The practical effect of the cease-fire deal agreed to Feb. 12 by the 17-country International Syria Support Group could be limited. The United States hopes that implementation of the agreement, which excludes the Islamic State and extremist groups within the rebellion against Syrian President Bashar al Assad, will lead to a political transition that could end the Syrian civil war and refocus international attention on the Islamic State. The Russians see considerable advantage in the cease-fire proposal, the implementation of which is set to begin Feb. 19, because it could mean improving Russia's military advantage on the ground without requiring any significant political concessions.
The extent of any cease-fire will be key to its outcome. The U.S.-led anti-Islamic State coalition has no intention of halting operations in Syria. The exclusion of some of the groups involved in the conflict means, effectively, that at best only a partial cease-fire will exist. Moreover, one of the excluded rebel groups, Jabhat al-Nusra, is a dominant camp within the rebel fronts in the north. Given the number of rebel forces closely intertwined with Jabhat al-Nusra and the interspersed organization and deployment of rebel forces across Syria, even localized cease-fires will be difficult to maintain. The history of the Syrian conflict is littered with failed cease-fires, both regional and nationwide.
Beyond the fractious rebel landscape, the cease-fire's success also depends on the moves made by al Assad loyalists and their Russian and Iranian backers, who hold the current military advantage and battlefield momentum. The Russians' history in Syria, where they have consistently claimed they were targeting the Islamic State or Jabhat al-Nusra when they have clearly struck at other factions, including Free Syrian Army units, does not bode well for the chances of a lasting cease-fire. With their recent battlefield successes, loyalist forces would also be averse to making significant political concessions, dimming hope for an amenable political transition for all sides.

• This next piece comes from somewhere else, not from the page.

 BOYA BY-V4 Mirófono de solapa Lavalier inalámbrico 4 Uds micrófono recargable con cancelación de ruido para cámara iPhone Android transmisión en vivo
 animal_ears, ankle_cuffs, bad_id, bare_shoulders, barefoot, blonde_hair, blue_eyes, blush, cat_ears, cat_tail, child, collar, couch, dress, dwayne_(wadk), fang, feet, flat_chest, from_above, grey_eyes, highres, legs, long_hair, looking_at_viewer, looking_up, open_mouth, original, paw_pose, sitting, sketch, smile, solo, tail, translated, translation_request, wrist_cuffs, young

However, even a limited reduction in fighting could prove beneficial in at least one aspect: easing the delivery of aid to civilians affected by the conflict. Beyond that, a cease-fire, or more accurately a gradual cessation of hostilities, is only as effective as it is applied. With an understanding by all sides that no complete end to fighting is possible in Syria in the near term — especially as Saudi Arabia, the United Arab Emirates and Turkey all increase their involvement in the conflict — and with little hope for a successful political transition at this stage, fighting could just as easily escalate as decline over the coming months.